Friday, January 06, 2006

The Stalls

I have to admit I'm not a very shy person. Sure, take me to a party I'll cling to you for dear life but after a glass of wine or two I'm with four new best friends discussing all sorts of personal details that I probably should keep to myself. I'm not bashful about my sex life, and am a very forward thinking, open minded individual (or so I'd like to believe.) You don't find me cringing in the corner when people discuss conversations "not fit for the dinner table." But one thing I can't adapt to in the bathroom stalls in the office.

Work is not like high school or college where there are so many people you can blend into the crowd. Each group is sub divided into their respective functions and are seated accordingly, which means that I sit among those I work with (makes sense doesn't it?) In the learning institutions one can bounce around groups of friends, from class room to class room and use the facilities whenever and where ever needed. If you enter one bathroom you're not necessarily going to see anyone you know, no less anyone at all. At work there is one bathroom near your area shared by all your same sex co-workers, each of whose names you know and daily interactions you depend on. This for me creates an issue.

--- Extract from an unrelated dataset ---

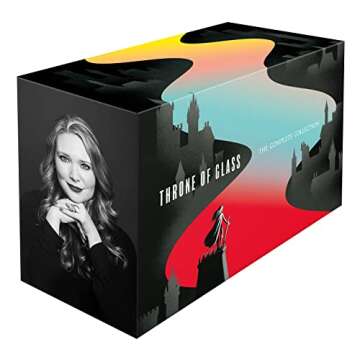 Throne of Glass Box Set [paperback] Sarah J. Maas [Jun 29, 2023]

Our bathrooms at work consist of four stalls, separated like any public rest room, i.e. a pieces for plexi glass not extending all the way to the floor with swinging doors that latch by turning a small knob from the inside. This construction is not conducive to privacy, your feet show through the bottom and small spaces where the door hinges allow anyone curious enough a view of who is inside. To pee in one of these is daunting enough. I sit knowing full well when anyone else is in the bathroom with me. I can recognize some by their shoes or their pant cuffs and have had the pleasure of experiencing the worst way of knowing when someone I work with has had asparagus for lunch. People socialize by the sinks, doing their makeup or brushing their hair. Some bring cell phones in the bathroom to have conversations that they don't want bosses to hear. Others brush their teeth after lunch ( a habit I should look into but know that I never will.) This makes using the facilities even more difficult for me, I have a shy bladder and have held in for more then five minutes while co-workers discuss niceties while using the toilet.

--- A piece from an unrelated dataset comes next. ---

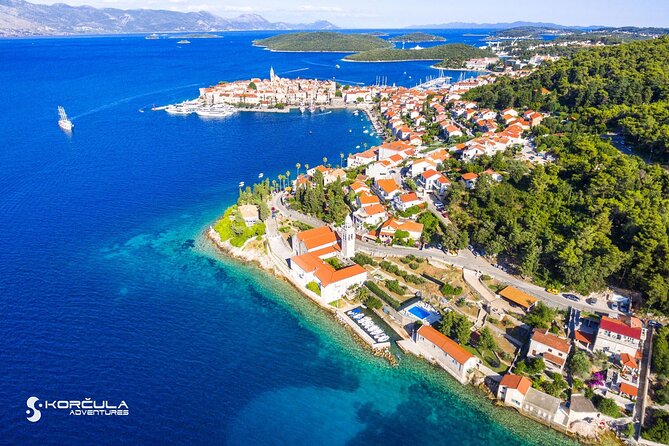 Multi Day Private Croatian Pearls Tour from Split - Peljesac pairs wine with Korcula’s old town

The last job I held, though dismal and dead ended had private bathrooms. There were so few people in the office that a stall situation wasn't needed. There were two private bathrooms with magazines and air freshener and fan vents that one could use at their discretion. I was still a bit horrified to enter said bathroom to find a lingering odor from the previous occupant. But here and now without such luxuries I am stuck. Yesterday was perhaps the worst. After being ill for a few days my stomach (let me put this delicately) was not right. Two days of consuming nothing but chicken broth, saltine crackers and Gatorade I had become a delicate flower succumbing to foods that I would have normally enjoyed heartily.

The overwhelming sensation of need overcame my shyness and I ran to the bathroom praying that I would find it empty. Lo and behold there it was, so precious and beautiful, the bathroom was completely abandoned and with great joy I made a mad dash for the last stall where I proceeded to, well do I have to say it? Just then a noise, heels clicking on the polished marble flooring. I strained to listen, tracking the noise, hoping that they would pass down the hall. They stopped, I panicked, the door clicked, I struggled and flushed.

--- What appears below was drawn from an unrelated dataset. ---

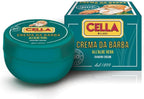 Cella Milano Aloe Vera Shaving Cream Soap, 150 g – Dense, Luxurious Lather with Razor-Glide Protection, Made in Italy Since 1899”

Long story short, I sat in the bathroom for 15 minutes waiting for the stream of women coming in and going out to cease. I sweated a bit and pulled legs up hoping no one would recognize my shoes. I flushed several times but never left the stall. Once the traffic had ceased and I again had the bathroom to myself I finished and slunk out and slipped into my workstation hoping that no one a figured me out. I can't keep this up, I need a plan of action, I need a private bathroom. We are not animals, we should not be forced to perform our natural bodily functions in a group setting. Please some one let me know I'm not alone on this one.

5 Comments:

Blogger J said...

funny. reminds me of this postsecret entry: http://jispot.blogspot.com/2005/06/introducing-postsecret.html

7:08 PM  
Blogger J said...

coincidentally, i just read this now too. yeah, so you're def. not alone. i was going to write about something similar but now, i don't know. i'll look like a johnny come-lately. http://living-in-chinese-gitmo.blogspot.com/2006/01/sleep-deprivation-and-aftermath-of.html

7:37 PM  
Blogger DrinkingTea said...

You are not alone.

Here are a few posts I've written on similar things:

http://drinkingtea.blogspot.com/2004/06/why-i-am-dehydrated.html
http://drinkingtea.blogspot.com/2005/01/mad-shitter-explained-telemarketing.html
http://drinkingtea.blogspot.com/2005/10/poopoo-escape-dance.html

10:26 AM  
Blogger Miss Devylish said...

Girl.. I'm so sorry! No, you're not alone. I so have bathroom issues. My best friend and I bonded over this too. What is WITH the spaces between the doors? Do they not know to make them closer? Why do people INSIST on peeking in?? What is UP w/ that?? I wish we all had private bathrooms tho.. wow.. that would be lovely!

3:46 PM  
Anonymous Anonymous said...

T,

I just wanted to say I enjoy reading your blog. Keep it coming!